A new discussion paper, “Environmental and Regulatory Reviews”, released by the federal government outlines many of the changes now being considered to reform the environmental impact assessment process and rebuild muscle in the Fisheries Act and the Navigation Protection Act — two key statutes weakened by environmental reforms in 2012.
One of the biggest changes will be in the nature of the assessment itself. The word “environmental” will be dropped. Impact assessment will be the objective, with impact defined broadly to include social, health and economic aspects of a project. The discussion paper even proposes adding a new category of assessment — Gender-Based Analysis Plus — intended to recognize that individuals are identified by several different factors.
Impact assessments will also weigh cumulative effects.
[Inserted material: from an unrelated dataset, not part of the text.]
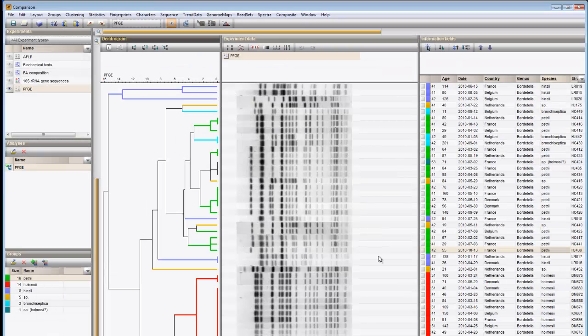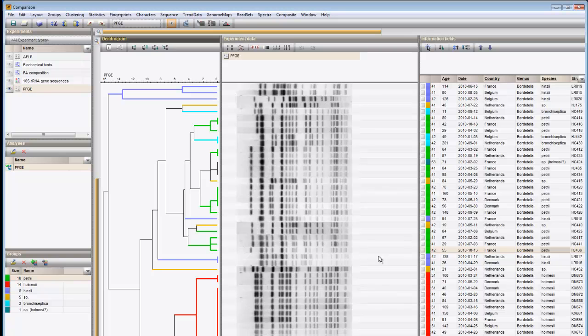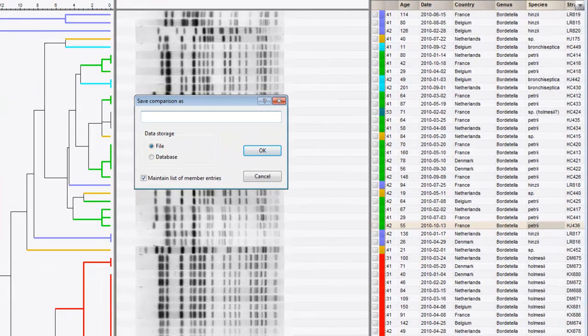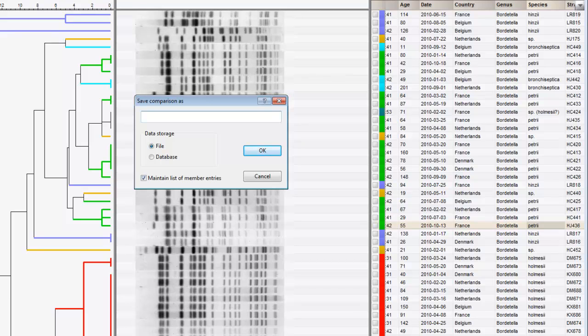Finally, I can save a comparison with all calculated dendrograms, defined groups, and display options set using the Save button. In case of a new comparison, a Save As dialog pops up, prompting me to enter a name. I can choose to save the comparison locally as a file or within the database.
This may require strengthening pan-Canadian frameworks (e.g., the Pan-Canadian Framework on Clean Growth and Climate Change) and conducting regional assessments to understand and manage cumulative effects.
Procedurally, impact assessments would begin much earlier than is the case now. Proponents would launch impact assessments with an early planning and engagement phase intended to identify problems before a course of action is locked in, and to achieve consensus on the project’s assessment process. The discussion paper notes that many proponents appreciate the value of early engagement, but it remains foreign to most developments.
The process would be managed by a single impact assessment agency with the objective of holding one assessment per project. The institutional expertise that currently resides within the other agencies that conduct environmental impact assessments — the National Energy Board, the Canadian Nuclear Safety Commission and the offshore petroleum boards — would not be chucked aside, however. For projects under their regulatory jurisdiction, impact assessments would be held jointly.
Limiting each project to one assessment will require greater cooperation with provinces. The single assessment is intended to provide greater certainty to proponents, and for that to happen cooperation has to include Indigenous groups as well. The discussion paper frequently returns to the need for genuine and substantial Indigenous participation in the assessment process. It is clear that Indigenous involvement is not intended to be a box to be checked on a form.
Greater transparency and participation is not just an issue for Indigenous groups, however. The discussion paper also returns often to the need to ground decisions in science as well as Indigenous knowledge, and to open more avenues for public participation and access to information.
With respect to the two statutes most affected by the 2012 environmental reforms, the discussion paper does not call for a return of the broad protections afforded all navigable waters in the pre-2012 Navigable Waters Protection Act. It does propose a more efficient process for adding waterways to the Navigation Protection Act and for regulating certain classes of obstruction on all navigable waters. It proposes a complaint mechanism for navigable waters not protected by the Navigation Protection Act and specific provisions to address the concerns of Indigenous peoples.
As to the Fisheries Act, the discussion paper calls for the return of the pre-2012 broad prohibition against harming fish habitat. The 2012 reforms repealed the definition of fish habitat and limited the prohibition to activities that seriously cause harm to fish that are part of a commercial, recreational or Aboriginal fishery.
Comments are invited through August 28, 2017.